ENTRIES SHOWN -
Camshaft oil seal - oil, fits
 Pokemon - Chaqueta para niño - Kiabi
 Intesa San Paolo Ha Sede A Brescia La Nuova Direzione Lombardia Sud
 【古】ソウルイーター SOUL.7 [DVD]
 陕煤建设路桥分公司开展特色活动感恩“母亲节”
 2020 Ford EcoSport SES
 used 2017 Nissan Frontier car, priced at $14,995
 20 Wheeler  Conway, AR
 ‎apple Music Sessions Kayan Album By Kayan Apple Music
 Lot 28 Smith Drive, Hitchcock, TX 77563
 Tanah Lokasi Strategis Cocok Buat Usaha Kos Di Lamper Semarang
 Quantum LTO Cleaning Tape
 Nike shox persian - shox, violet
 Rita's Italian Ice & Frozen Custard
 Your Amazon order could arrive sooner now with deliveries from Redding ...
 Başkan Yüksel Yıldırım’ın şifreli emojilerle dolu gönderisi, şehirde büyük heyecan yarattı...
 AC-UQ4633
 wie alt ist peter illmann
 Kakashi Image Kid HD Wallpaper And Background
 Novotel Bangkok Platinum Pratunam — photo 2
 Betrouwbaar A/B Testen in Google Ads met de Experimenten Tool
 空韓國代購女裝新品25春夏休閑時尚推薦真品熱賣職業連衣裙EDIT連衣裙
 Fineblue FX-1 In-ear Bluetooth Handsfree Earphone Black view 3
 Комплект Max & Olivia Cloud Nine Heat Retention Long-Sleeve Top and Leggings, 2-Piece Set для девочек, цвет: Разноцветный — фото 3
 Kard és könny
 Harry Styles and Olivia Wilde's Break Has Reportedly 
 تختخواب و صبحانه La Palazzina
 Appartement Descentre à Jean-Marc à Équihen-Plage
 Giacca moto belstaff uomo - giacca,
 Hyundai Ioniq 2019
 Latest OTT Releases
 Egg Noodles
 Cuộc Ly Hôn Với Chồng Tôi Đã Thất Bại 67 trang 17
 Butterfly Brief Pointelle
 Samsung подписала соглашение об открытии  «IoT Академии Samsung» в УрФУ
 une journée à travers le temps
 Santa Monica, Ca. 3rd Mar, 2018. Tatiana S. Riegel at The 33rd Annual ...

AIM OF THE EXERCISE -
Restate all of the material, keeping every word intact.

WRITTEN SOLUTION -
Camshaft oil seal - oil, fits
 Pokemon - Chaqueta para niño - Kiabi
 Intesa San Paolo Ha Sede A Brescia La Nuova Direzione Lombardia Sud
 【古】ソウルイーター SOUL.7 [DVD]
 陕煤建设路桥分公司开展特色活动感恩“母亲节”
 2020 Ford EcoSport SES
 used 2017 Nissan Frontier car, priced at $14,995
 20 Wheeler  Conway, AR
 ‎apple Music Sessions Kayan Album By Kayan Apple Music
 Lot 28 Smith Drive, Hitchcock, TX 77563
 Tanah Lokasi Strategis Cocok Buat Usaha Kos Di Lamper Semarang
 Quantum LTO Cleaning Tape
 Nike shox persian - shox, violet
 Rita's Italian Ice & Frozen Custard
 Your Amazon order could arrive sooner now with deliveries from Redding ...
 Başkan Yüksel Yıldırım’ın şifreli emojilerle dolu gönderisi, şehirde büyük heyecan yarattı...
 AC-UQ4633
 wie alt ist peter illmann
 Kakashi Image Kid HD Wallpaper And Background
 Novotel Bangkok Platinum Pratunam — photo 2
 Betrouwbaar A/B Testen in Google Ads met de Experimenten Tool
 空韓國代購女裝新品25春夏休閑時尚推薦真品熱賣職業連衣裙EDIT連衣裙
 Fineblue FX-1 In-ear Bluetooth Handsfree Earphone Black view 3
 Комплект Max & Olivia Cloud Nine Heat Retention Long-Sleeve Top and Leggings, 2-Piece Set для девочек, цвет: Разноцветный — фото 3
 Kard és könny
 Harry Styles and Olivia Wilde's Break Has Reportedly 
 تختخواب و صبحانه La Palazzina
 Appartement Descentre à Jean-Marc à Équihen-Plage
 Giacca moto belstaff uomo - giacca,
 Hyundai Ioniq 2019
 Latest OTT Releases
 Egg Noodles
 Cuộc Ly Hôn Với Chồng Tôi Đã Thất Bại 67 trang 17
 Butterfly Brief Pointelle
 Samsung подписала соглашение об открытии  «IoT Академии Samsung» в УрФУ
 une journée à travers le temps
 Santa Monica, Ca. 3rd Mar, 2018. Tatiana S. Riegel at The 33rd Annual ...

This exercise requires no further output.